SEK-Beamte bei einer Razzia in Berlin.
Foto: dpa/Christoph Soeder

BerlinWegen eines zweifelhaften T-Shirts, das ein SEK-Polizist trug, will die Polizei die Mitglieder dieser Spezialeinheit noch einmal besonders ansprechen und ermahnen. Wie die Senatsinnenverwaltung in einer Antwort auf eine Anfrage der Grünen-Abgeordneten June Tomiak erklärte, werde es eine „nochmalige Sensibilisierung“ der Spezialeinsatzkommandos zu „ihren beamtenrechtlichen Pflichten auch bei der Wahl der Bekleidung“ geben.

In dem vorliegenden Fall soll ein SEK-Polizist auf einem Foto von einem Einsatz in Neukölln mit einem T-Shirt einer amerikanischen Firma zu sehen sein. Die Firma verwendet besonders martialische Motive und Slogans sowie Abbildungen von Patronen und Gewehren.

Innen-Staatssekretär Torsten Akmann (SPD) betonte in der Antwort, Polizisten hätten „das Ansehen der Polizei und Disziplin zu wahren und sich rückhaltlos für den Schutz der freiheitlichen demokratischen Grundordnung“ einzusetzen.
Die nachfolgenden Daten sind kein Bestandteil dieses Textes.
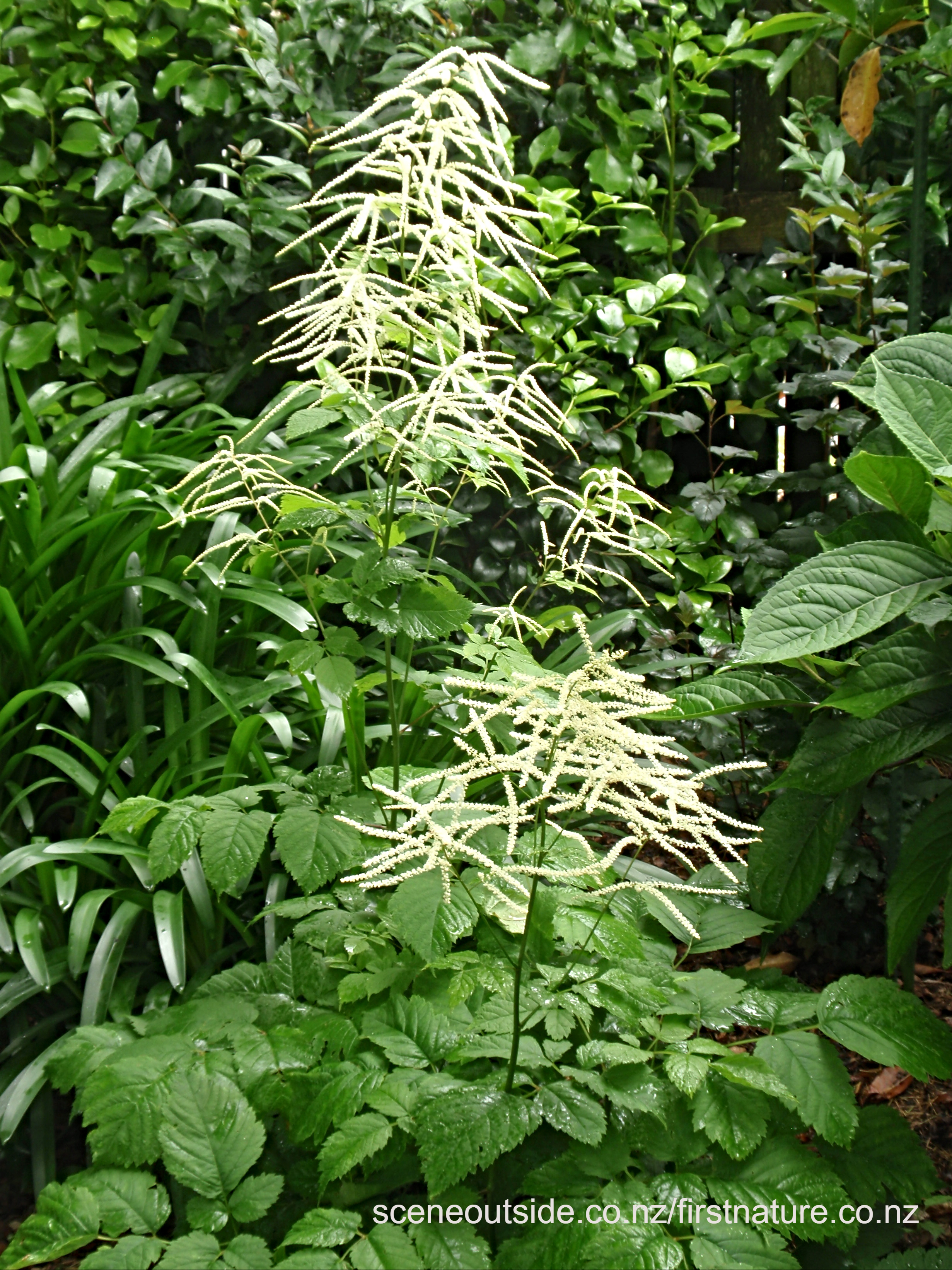 Aruncus-dioicus.jpg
Diesen Pflichten müssten sie auch durch ihre Bekleidung entsprechen. „Dies erscheint vorliegend zweifelhaft.“ Allerdings gebe es keine Bezüge der Herstellerfirma zur rechtsextremen Szene. Das Tragen des T-Shirts biete daher keinen Anlass für eine Prüfung der charakterlichen Eignung des Mannes.